2- This is a new stuff, not mentioned in the previous post. It takes some background however.
The vertex management API I’ve developed wraps around most hassle when working with vertices. As an added plus, it always uses the fastest avaiable memory (vbo if avaiable, according to buffer update flags).
A component I am developing is likely to create dozens (hundreds in a worst case condition) of small buffers. Since this component does not require high performance and it’s unlikely to be a bottleneck, I wanted to use standard arrays. Reason: choosing between few objects is fast, choosing between a ton of objects is much slower. I know for sure this was true for NV vertex programs (stated in a pretty old whitepaper) however I think this should true even now and also applies to other kind of objects such as FPs and textures.
So, to not cluttle precious VBO management resources (which need to be fast for the high-performance components), I wanted to go with standard arrays. The problem is that this requires to mix conventional arrays with VBOs.
Actually, that requires me to check if a VBO has been enabled for an array and disable it.

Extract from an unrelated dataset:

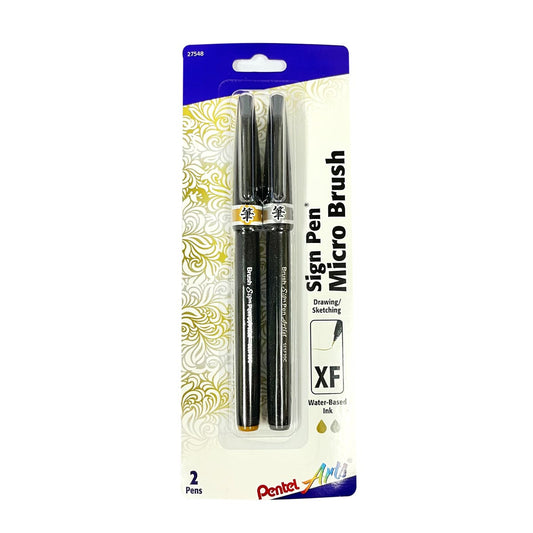 SignPen MicroBrush Set.2un Dor/Pla Pente Pentel Nacional Librería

In pseudocode, it looks like this:

// This thing will be referred as code (2a)
foreach vertexAttribute
    if(used)
        Bind buffer.
        Pass vertex attribute information (also take a look at (1) for this).
        Enable that array (generic attribute 0 is assumed to be always enabled).
Bind index buffer.
Draw all the vertices with current settings.
Unbind index buffer.
foreach vertexAttribute
    if(used)
        Bind buffer 0.
        Make sure the current array is unbound from the buffer (this requires a VertexAttribArray call as far as I know).
        Disable attribute array (attribute 0 is never disabled).

This looks somewhat cumbersome to me. Is there a better way to unbind the arrays? I was thinking about pushing and popping the client array state. Would it work? Are there suggestions you could point me?

Thank you!

EDIT: a personal comment, fixed pseudocode instructions order, better layout and some (admittedly useless instructions). Made more clear that I use only generic attributes with VertexAttribArray.

EDIT:
I realized there’s also another way to do (2), but I have mixed feelings on it. I would appreciate and advice from someone who’s mantaining a large code base.
Simply put, I realized I could just do

// This thing will be referred as code (2b)
Draw buffered things.
Disable buffering for all vertex attributes.
Draw unbuffered things.

While this could be potentially optimal, it requires to be placed correctly in the right spots. Right now this is pretty easy, but it could be an issue in the future.
Another problem is that external program does not have concept of buffered and unbuffered arrays. One could specifically allocate a buffered array but by default, the provided interfaces does not allow that. Since this concept is hidden away, it would conceptually be really ugly to call a function just to disable vertex buffers.
Performance-wise, (2b) is far better on most cases. While I’m somewhat worried for my ability to mantain it correctly, I could not think at more than few calls per frame to it.
The first method (2a) is hidden deep in the API and totally transparent to everything is outside the API itself but it adds so much overhead I feel I can’t sleep the night knowing it’s so lame. Considering I could have hundreds of VBOs flying around, I feel it could be a real performance hit.

Besides those two differences, I tested both methods and they both seems to work correctly. Not tested accuratly but I’m sure I should not have any kind of problem and tests gone very smooth.

I understand it’s difficult to point out a suggestion without knowing the details, but I would like to get some feedback, maybe something will arise in my mind with an help.

[This message has been edited by Obli (edited 01-31-2004).]